At 108, Mrs. Buehrer is one of the oldest people in the area. The oldest people in the world with documented birth records in recent years have often been only four to seven years older than she is now.

But Mrs. Buehrer said she did not want to get in the Guinness Book of World Records for her age. "I'd probably break the camera," she joked.

It's Mrs. Buehrer's sense of humor along with years of hard work and a diet of made-from-scratch food, much of it raised in her garden, that her family credits for her longevity.

Mrs. Buehrer eats fast-foods less than once a year and never drinks, smokes, nor appears to get overly excited about anything.

The best invention during her lifetime? The washing machine, she replied.

Last night's birthday party originally was set for a restaurant. But Mrs. Buehrer spent several days last week in Fulton County Health Center with symptoms of congestive heart failure.

Her doctor recommended against going out in the cold. Actually, he recommended against a party altogether, fearing she might catch a bug. Her family rejected his advice.
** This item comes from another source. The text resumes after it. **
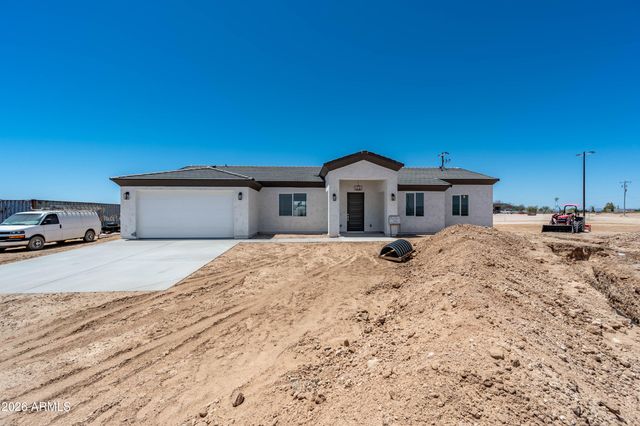 2228 S HASSAYAMPA Road, Tonopah, AZ 85354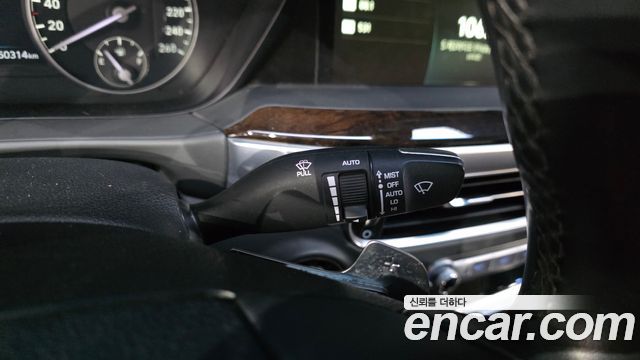 Genesis G90 3.8 AWD — photo 1 of 39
"This may be her last birthday and we're having a party," said Nola Buehrer, 76, the youngest of Mrs. Buehrer's three children. The others are Anna Buehrer, 80, and Huber Buehrer, 77.

So Mrs. Buehrer posed for pictures with her great-grandchildren and smiled at the hubbub of 30 relatives gathered in the Dover Township farmhouse she shares with her daughters.

"What's the difference between you and Grandma," Cynthia Smith asked her daughter, 8-year-old Lindsey.

"She's 100 years older than I am," replied Lindsey.